Es ist übrigens nach dem, was ich gelesen habe, bewiesen, dass die Kompressionen bei der Laienreanimation ausreichen, da eine Zirkulation wichtiger ist, als z.B. beim beatmen oft Luft in den Magen zu blasen und damit möglicherweise Erbrechen hervorzurufen.

----------


## Patientenschubser

Richtig im Prinzip sollen Laien sofort bei einem nicht ansprechbaren (und sogar das soll weg fallen!) Patienten mit der Herzdruckmassage anfangen.
Nix mehr mit in den Mund schauen, kein Puls fühlen keine Atmung überprüfen, nur drücken.  *Einfach drücken bis der Arzt kommt bzw der Rettungsdienst!*

----------


## lucy230279

> keine Atmung überprüfen, nur drücken.

 is vielleicht ne doofe frage, 
aber wenn der betroffene "nur" ohnmächtig ist, wäre dann nicht eine herzdruckmassage fehl am platz? wenn er noch atmet, muss ich doch keine wiederbelebungsmaßnahmen im sinne einer herzdruckmassage durchführen? :embarrassed_cut:  
vielleicht steh ich auch auf m schlauch, weil es so spät ist.. :loser_3_cut:

----------


## Patientenschubser

Es ist so wie ich es geschrieben habe.
Einfach drücken du kannst das Herz (falls es noch schlägt) nicht aus dem Takt bringen!
Wenn er atmet, macht das auch nichts! 
Wenn der Patient zu sich kommt wird er es dir schon mitteilen das du aufhören kannst! 
btw
Das Wort *Ohnmacht* bezeichnetOhnmacht (seelisch): Machtlosigkeit oder Hilflosigkeit in einer Situation.
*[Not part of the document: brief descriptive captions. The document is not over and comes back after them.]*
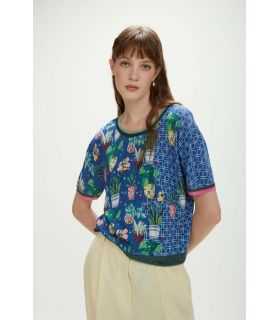 Cropped short-sleeve crew neck top with flowers print double use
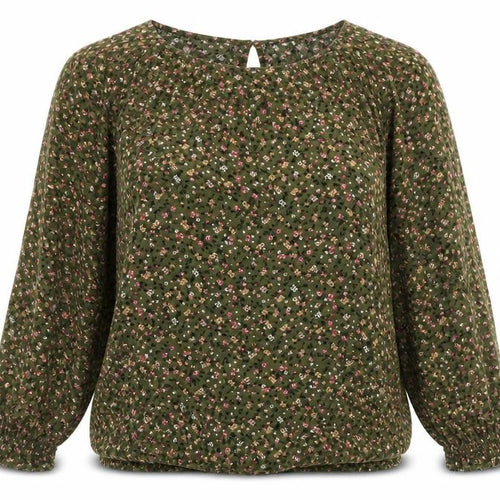EDC Women's Green Floral Blouse XL Long Sleeve Viscose
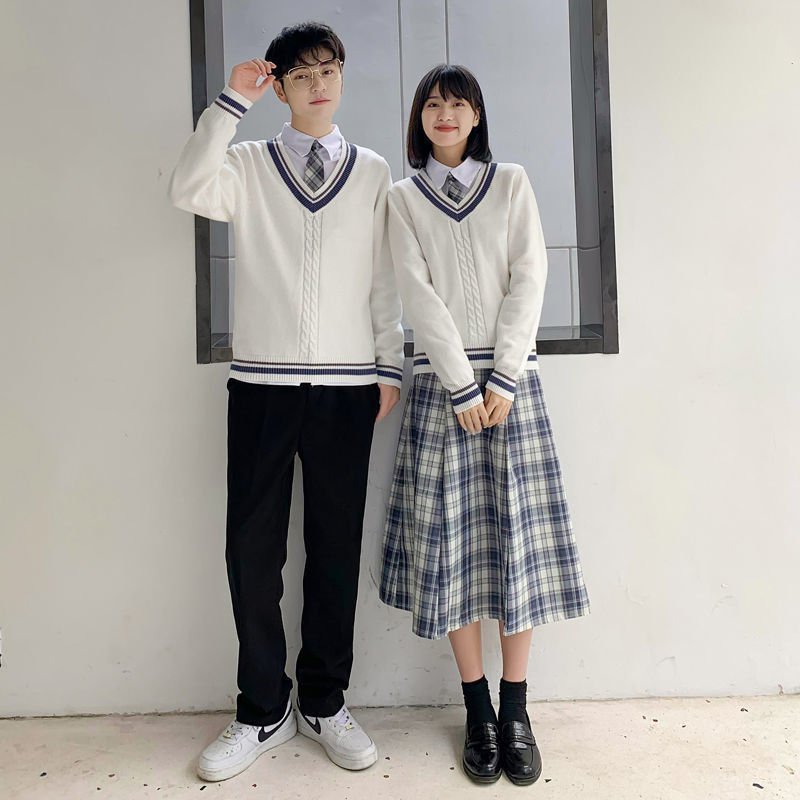 秋の制服セット 中高生制服 イギリス風カレッジスタイル JK 日本風制服 ワンピース セーター ロングスカート 韓国風|undefined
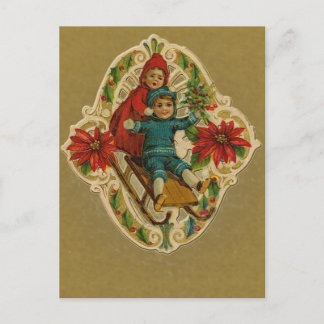 Sledding and Poinsettias Holiday Cards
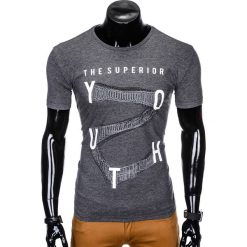T-shirty męskie: T-SHIRT MĘSKI Z NADRUKIEM S964 - GRAFITOWY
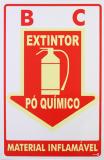 Placa de Sinalização Pó Químico BC Fotoluminante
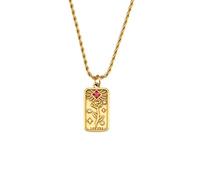AOQING ins fashion vintage, popular pendant accessories, stainless steel rectangular dripping oil zircon tarot pendant necklace, Stainless Steel, titanium steel
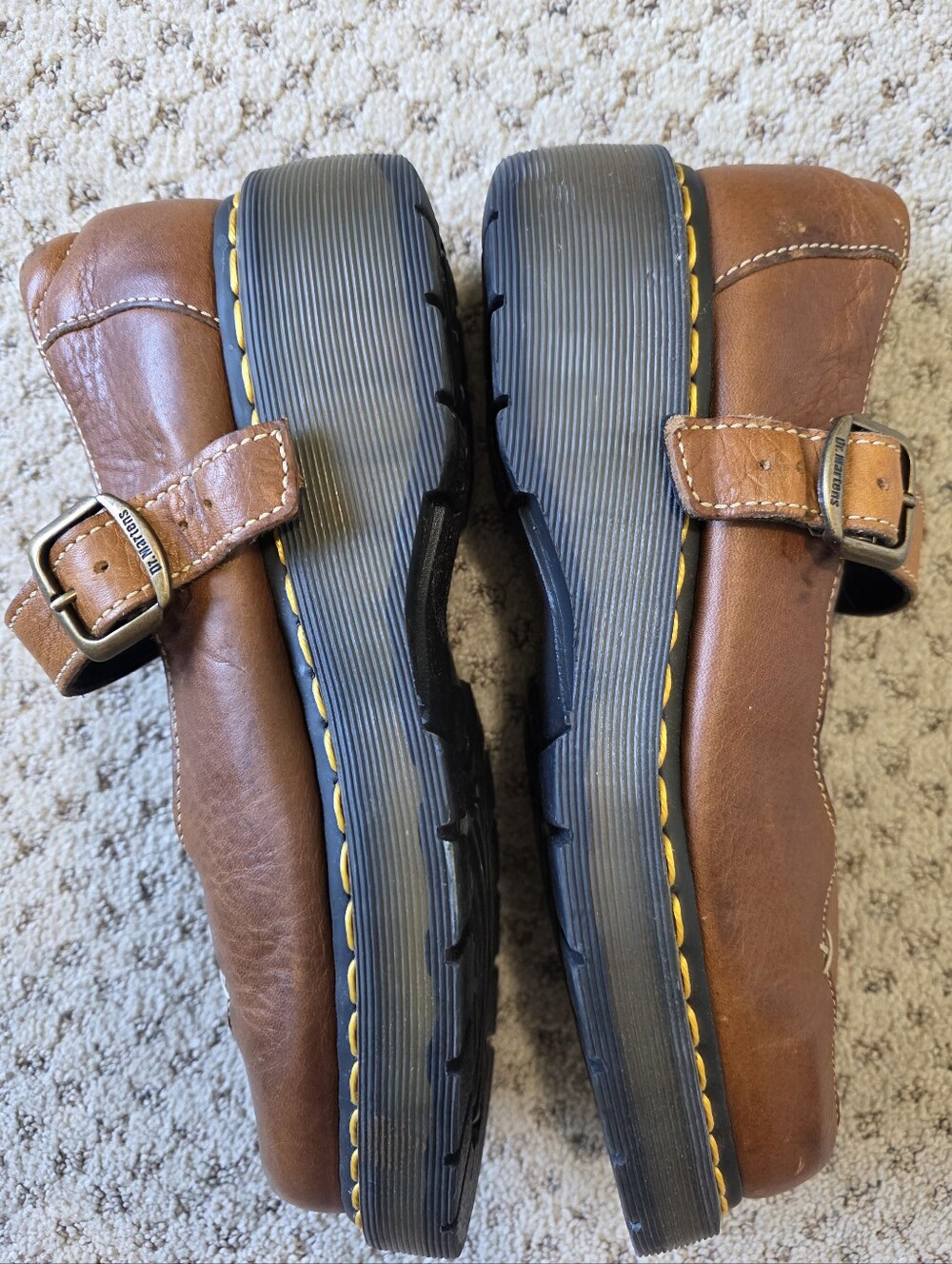Vintage Dr. Martens Mary Jane Shoes with Yellow Stitching - Picture 7 of 9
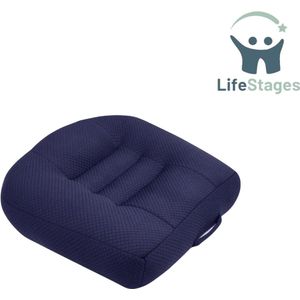 LifeStages - Stoelverhoger Voor Auto - Stoelkussen voor in de Auto - Stoelverhoger voor Volwassenen - 3D Ademend Gaas - Antislip Zitkussen met Praktisch Handvat - Blauw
Beispiel: Jemand steht einem Etwas ohnmächtig gegenüberEine Ohnmacht (Synkope (Medizin)) ist eine kurz anhaltende Bewusstseinsstörung, die durch einen vorübergehenden Sauerstoffmangel im Gehirn verursacht wird und in der Regel für den Betroffenen nicht lebensgefährlich ist. Dauert die Ohnmacht länger als eine Minute, so handelt es sich um eine Bewusstlosigkeit.
(quelle http://de.wikipedia.org/wiki/Ohnmacht)

----------


## lucy230279

ahh ja, okay. ich glaub dir das natürlich, war für mich nur nicht sofort nachvollziehbar, weil ja anders gelernt. 
na zum glück hab ich ja bald n auffrischungskurs :Smiley:

----------


## Küchenhexe

> ... keine Atmung überprüfen, nur drücken...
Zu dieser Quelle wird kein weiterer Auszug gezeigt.